On physical examination, she was oriented, well-nourished and her cranial nerves were intact. Besides, on musculoskeletal assessment, arthritis symptoms were not recognized though she was slow to perform tasks. She had a revealing enervation in all extremities and her motor strength was at a rate of 2/5. Upper motor neuron dysfunction was suggested according to positive Babinski sign and superficial abdominal hyporeflexia.

Routine blood tests and chemistry analysis including complete blood count (CBC), thyroid stimulating hormone and coagulation tests were unremarkable. Autoimmune markers such as rheumatoid factor, lupus anti-coagulant and anti-phospholipid antibodies including anti-cardiolipin and anti-2-glycoprotein were negative but her anti-Sjögren's-syndrome-related antigen-A (anti-SS-A) test, anti-nuclear antibody (ANA) and NMO-IgG test were positive. She had decreased level of serum complement factor; C3 and T4 levels were raised in assessment of thyroid function.

Normal magnetic resonance imaging (MRI) of the brain was seen without plaques. Thoracic cord MRI revealed hyperintense signal lesions from cervical segment 5 to thoracic segment 4 (7 hyperintense demyelinated segments). In addition, hyperintense signal at the thoracic spine level with holocord involvement was seen. According to patient’s history (discoid rash), physical examination results (paraplegia), autoimmune tests (positive NMO-IgG) and imaging findings (LETM), a diagnosis of NMO secondary to an acute SLE flair was formed.

The patient was treated with 400 mg of oral hydroxychloroquine once a day for 3 months, and she had no further cutaneous or articular symptoms. At the 8th week of gestation, she had abortion and three pulses of intravenous methyl-prednisolone and daily pulse of cyclophosphamide were administered. Since her condition had not improved after receiving therapy, four sessions of plasmapheresis with 3 liters volume and fresh frozen plasma (FFP) replacement was done. Significant improvement was observed after plasmapheresis, and the patient limb’s motility recurred.

SLE is a multisystem autoimmune disease, which its pathophysiology may have consequences on all components of the CNS. The CNS and peripheral nervous systems (PNS) may be involved in SLE. It is well known that NMO is closely linked with other autoimmune diseases; however it has been barely reported in patients with SLE. Our case has an extensive role in justifying the fact that the contact between SLE and NMO can happen during the life span. Mula et al. have hypothesized that early treatment, by combination of plasmapheresis and immunosuppressive agents, may be related to more beneficial conclusion in patients with SLE and longitudinal myelitis (LM).[2] In a similar case report study, a patient with 19 myelitis attacks was reported during rituximab therapy.[3] However, our case experienced one myelitis attack from her NMO onset that substantially improved after plasmapheresis with 6 months follow-up.

From the immunological perspective, cell-mediated immunity converts to increased humoral immunity in normal pregnancy. Pregnancy tends to aggravate NMO and SLE which are B-cell-mediated autoimmune diseases. On the other hand, previous studies declare that NMO-IgG can damage placenta and cause fetal death in mice.[4]

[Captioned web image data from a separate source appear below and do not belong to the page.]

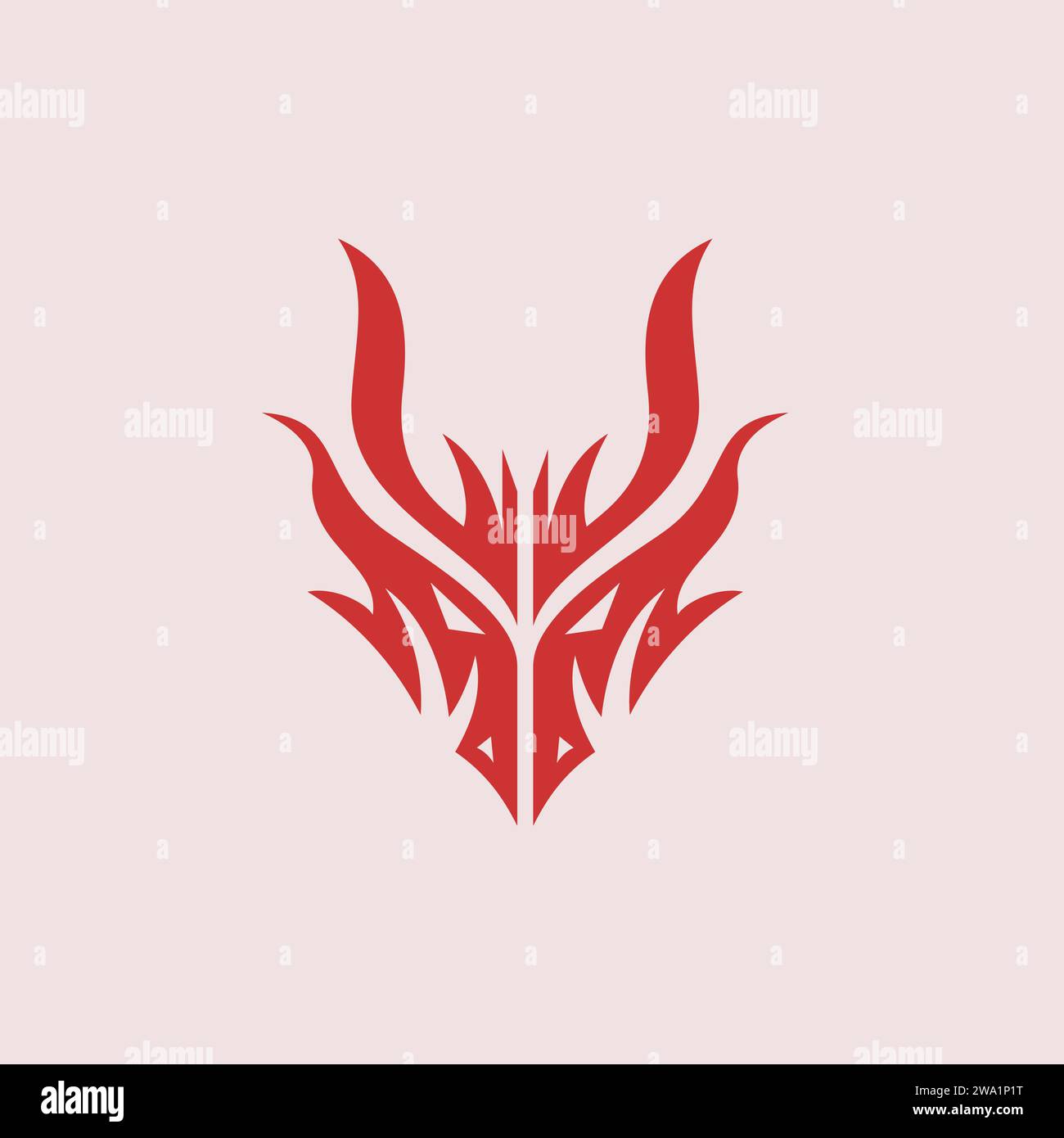 A logo featuring a noble red dragon head facing forward Stock Vector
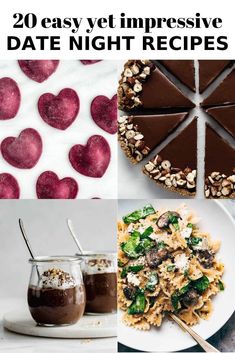 the cover of 20 easy yet impressive date night recipes, including pies and desserts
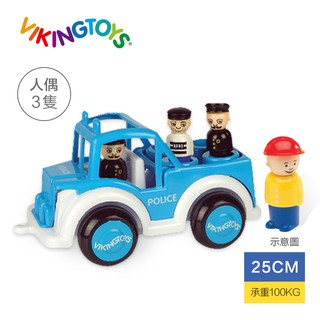 瑞典Viking toys踩不壞/不刮手的維京玩具-Jumbo波麗士吉普車-25cm(含3隻人偶) #警察車車
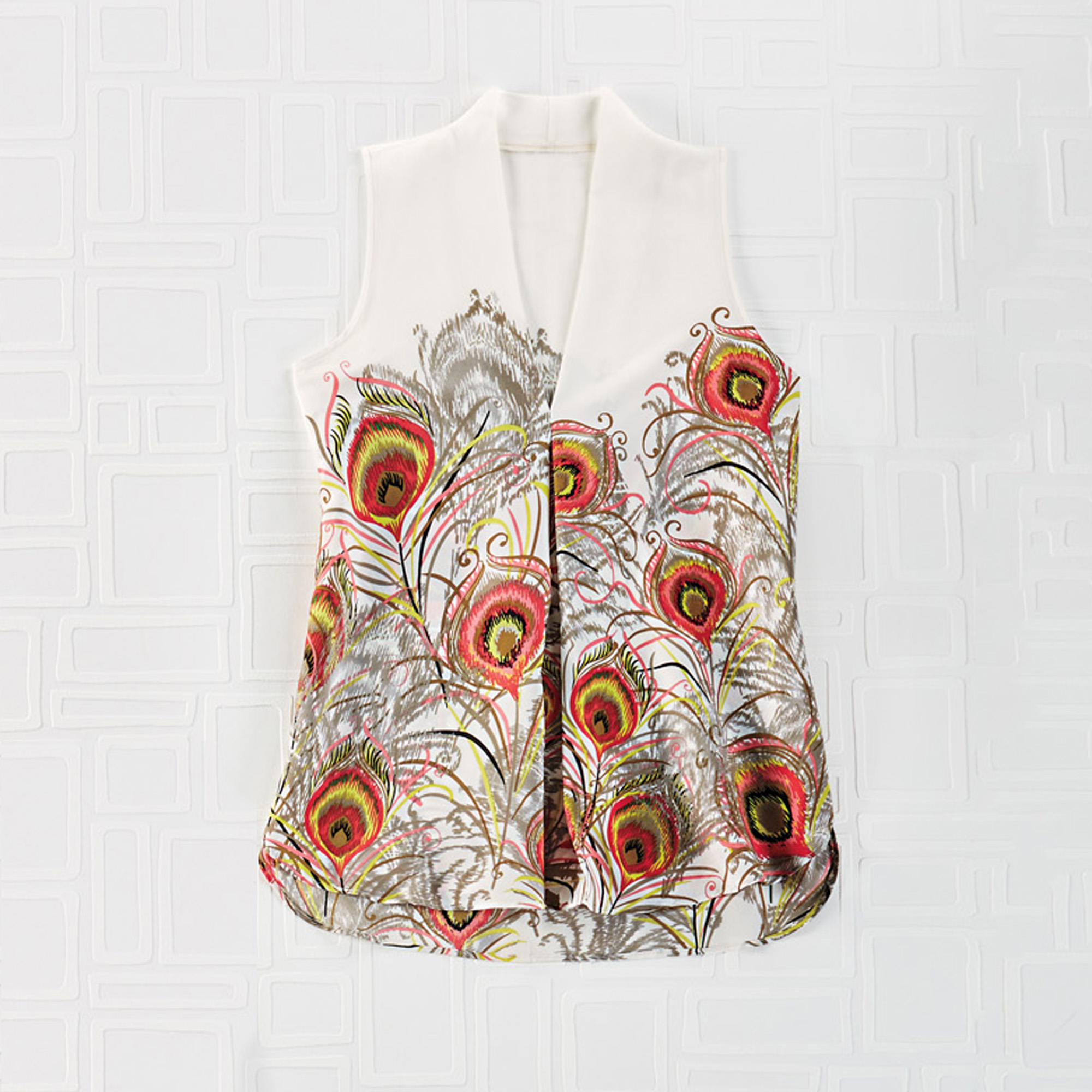 blouse with feather print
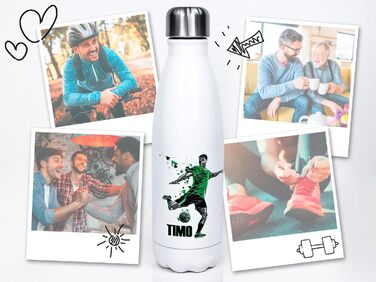 Іменна спортивна термос-пляшка GRAZDesign, 500 мл, нержавіюча сталь, для дітей та дорослих, герметична, з принтом футбол, зелена – подарунок на перший дзвоник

A study reported a case of SLE in 28-year-old women, who diagnosed NMO in the fourth month of her pregnancy. In that case, the patient did not have such a favorable consequence.[5] Therefore, since SLE-associated NMO generally has a poor prognosis and possibly prompting disability and may be the cause to abortion, early diagnosis seems essential.

In conclusion, considering the fact that the incidence of NMO in an underlying autoimmune connective tissue disease represents a co-occurrence of two autoimmune disorders, pregnancy could be suggested as a trigger for this concurrency. Eventually as occurrence of NMO in patients with SLE, especially in pregnancy, is extraordinary, specific researches with collaboration from several groups would be invaluable in order to overcome the limitation of papers such as this one.